DA parliamentarian David Maynier, who heads up the party’s finance portfolio, said in a report that for Gordhan to get the economics right, he will have to get the politics right.
However, he said his “capacity to do things differently is limited by the political space available inside the ANC/SACP/Cosatu alliance”.
“The temperature inside the ruling party alliance is already red-hot following the battle over retirement reform,” he said.
“And [trade federation] Cosatu is opposed to rolling over the Employment Tax Incentive, increasing Value Added Tax and the privatisation of state-owned enterprises.
“All this will limit the minister’s ability to effectively respond to the economic crisis and the risk of a ratings downgrade in South Africa.”
The DA said Gordhan faces five big challenges going into the budget: Dealing with high levels of unemployment; avoiding a sovereign ratings downgrade; providing relief to poor households; dealing with the student fees crisis, and providing drought relief.
To get it right, “the minister will have to cross at least four ‘red lines’, including announcing new measures to promote economic growth, achieve fiscal consolidation, stabilise national debt, and privatise - or part-privatise - state-owned enterprises (SOEs), to avoid the risk of a ratings downgrade in South Africa”, the DA said.
If Gordhan fails to convince the rating agencies the government is serious about its fiscal policy, a downgrade to junk status could occur before 2017, analysts warn.
“A sovereign ratings downgrade to sub-investment grade… will raise the cost of borrowing, result in capital outflows, lead to further currency weakness, and increase the cost of living for ordinary people in South Africa,” said the DA.
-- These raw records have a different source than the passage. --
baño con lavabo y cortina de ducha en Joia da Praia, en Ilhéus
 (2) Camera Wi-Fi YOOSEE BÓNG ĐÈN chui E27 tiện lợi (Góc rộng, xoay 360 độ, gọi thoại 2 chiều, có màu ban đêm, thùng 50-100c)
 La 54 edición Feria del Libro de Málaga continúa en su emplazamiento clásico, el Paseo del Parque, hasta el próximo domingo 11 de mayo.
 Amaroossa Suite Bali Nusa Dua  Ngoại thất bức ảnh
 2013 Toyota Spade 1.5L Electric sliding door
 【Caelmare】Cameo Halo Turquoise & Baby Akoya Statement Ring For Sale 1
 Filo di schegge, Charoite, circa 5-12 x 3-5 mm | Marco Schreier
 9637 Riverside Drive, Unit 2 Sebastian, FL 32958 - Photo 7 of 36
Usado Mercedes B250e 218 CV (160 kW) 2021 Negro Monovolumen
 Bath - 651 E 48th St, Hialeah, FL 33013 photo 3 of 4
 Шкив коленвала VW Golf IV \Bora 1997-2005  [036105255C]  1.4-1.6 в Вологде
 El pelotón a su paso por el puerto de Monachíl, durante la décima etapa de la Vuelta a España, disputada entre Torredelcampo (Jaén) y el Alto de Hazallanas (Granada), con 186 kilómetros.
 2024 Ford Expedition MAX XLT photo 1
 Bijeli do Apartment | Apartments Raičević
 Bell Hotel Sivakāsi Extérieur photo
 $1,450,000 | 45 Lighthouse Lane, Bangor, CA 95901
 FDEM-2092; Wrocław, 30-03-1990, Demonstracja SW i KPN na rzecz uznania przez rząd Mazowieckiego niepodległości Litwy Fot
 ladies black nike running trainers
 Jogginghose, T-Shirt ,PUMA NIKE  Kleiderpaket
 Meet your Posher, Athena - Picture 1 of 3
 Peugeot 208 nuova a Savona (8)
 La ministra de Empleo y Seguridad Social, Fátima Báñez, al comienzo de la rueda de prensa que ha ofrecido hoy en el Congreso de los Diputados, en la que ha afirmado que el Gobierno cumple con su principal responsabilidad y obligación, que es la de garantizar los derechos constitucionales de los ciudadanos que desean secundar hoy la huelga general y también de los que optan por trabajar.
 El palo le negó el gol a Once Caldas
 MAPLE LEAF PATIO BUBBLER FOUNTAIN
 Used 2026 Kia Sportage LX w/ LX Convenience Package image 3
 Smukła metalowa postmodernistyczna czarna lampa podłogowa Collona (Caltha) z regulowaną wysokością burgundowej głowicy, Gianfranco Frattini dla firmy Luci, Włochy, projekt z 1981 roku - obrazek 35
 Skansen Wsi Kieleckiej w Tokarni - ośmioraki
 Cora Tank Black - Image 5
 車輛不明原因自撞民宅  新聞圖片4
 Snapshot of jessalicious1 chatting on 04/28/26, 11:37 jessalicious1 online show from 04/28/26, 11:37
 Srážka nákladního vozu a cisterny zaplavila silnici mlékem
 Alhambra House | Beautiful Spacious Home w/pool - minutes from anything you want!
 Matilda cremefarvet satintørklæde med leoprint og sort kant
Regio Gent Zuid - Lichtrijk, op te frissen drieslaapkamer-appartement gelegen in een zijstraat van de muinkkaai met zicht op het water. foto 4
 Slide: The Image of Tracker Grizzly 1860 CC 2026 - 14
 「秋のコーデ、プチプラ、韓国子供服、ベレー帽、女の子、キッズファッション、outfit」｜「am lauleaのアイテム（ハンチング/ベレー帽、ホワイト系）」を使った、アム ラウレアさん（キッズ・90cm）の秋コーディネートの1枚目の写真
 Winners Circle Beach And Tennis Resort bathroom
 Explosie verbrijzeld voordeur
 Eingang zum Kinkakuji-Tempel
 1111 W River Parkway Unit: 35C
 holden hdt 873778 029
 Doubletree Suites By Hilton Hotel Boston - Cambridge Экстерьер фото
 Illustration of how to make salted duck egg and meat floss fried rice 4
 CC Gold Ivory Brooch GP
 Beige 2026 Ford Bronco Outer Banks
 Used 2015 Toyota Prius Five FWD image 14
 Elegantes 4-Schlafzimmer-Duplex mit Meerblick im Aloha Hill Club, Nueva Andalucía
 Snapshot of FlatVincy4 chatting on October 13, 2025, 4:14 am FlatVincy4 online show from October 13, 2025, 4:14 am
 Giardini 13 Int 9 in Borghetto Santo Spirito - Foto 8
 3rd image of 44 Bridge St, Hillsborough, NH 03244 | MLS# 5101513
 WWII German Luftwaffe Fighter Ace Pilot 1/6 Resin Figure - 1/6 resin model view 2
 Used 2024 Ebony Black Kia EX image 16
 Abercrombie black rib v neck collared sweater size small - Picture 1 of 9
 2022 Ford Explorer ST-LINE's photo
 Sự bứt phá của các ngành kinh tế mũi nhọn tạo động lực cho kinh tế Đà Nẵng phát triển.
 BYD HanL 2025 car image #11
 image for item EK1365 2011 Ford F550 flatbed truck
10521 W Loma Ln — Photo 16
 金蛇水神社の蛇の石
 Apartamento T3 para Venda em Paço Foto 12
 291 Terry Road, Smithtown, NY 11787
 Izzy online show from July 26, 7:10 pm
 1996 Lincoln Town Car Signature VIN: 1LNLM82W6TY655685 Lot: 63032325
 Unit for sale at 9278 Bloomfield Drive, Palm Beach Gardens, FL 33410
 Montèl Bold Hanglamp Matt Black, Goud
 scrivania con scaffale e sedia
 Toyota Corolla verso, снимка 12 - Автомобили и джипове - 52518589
On its wish list of remedies, the DA wants Gordhan to raise revenue through the sale of non-strategic liquid assets like Telkom (R11bn) and other buildings, conduct a major review of government spending and provide social grant beneficiaries with an above inflation-related increase.
“A good place to start cutting spending would be on President Jacob Zuma’s bloated cabinet, which could be reduced to 15 ministries, saving approximately R4.7bn per year,” it said.
The DA is concerned not enough is being done to respond to the drought that is affecting the agricultural sector.
“The minister should announce that additional funding will be made available for drought relief to be used… for loans and grants to farmers, wage subsidies for farmworkers, feed packages to sustain livestock, and education programmes on farming in low- water conditions,” it said.
Failing state-owned enterprises
The DA wants government to allow private sector investment in failing state-owned enterprises (SOEs) and to announce the privatisation of South African Airways, among other SOEs.
“There are approximately 300 SOEs with a net asset value estimated to be R274bn in 2013/14,” it said. “Provision for contingent liabilities are expected to increase by R311.2bn, or 38.5%, from R195.3bn in 2008/09 to R506.5bn in 2016/17.”
Regarding education, the DA said R4.5bn in additional funding needs to made available to “assist poor students with funding through the National Student Financial Aid Scheme”.
It wants Gordhan to announce additional funding for students who qualify, increase university subsidies, to provide investment in faculty, equipment and infrastructure to support students, and to call on the private sector to assist to overhaul the funding model and debt-collection system employed by the National Student Financial Aid Scheme.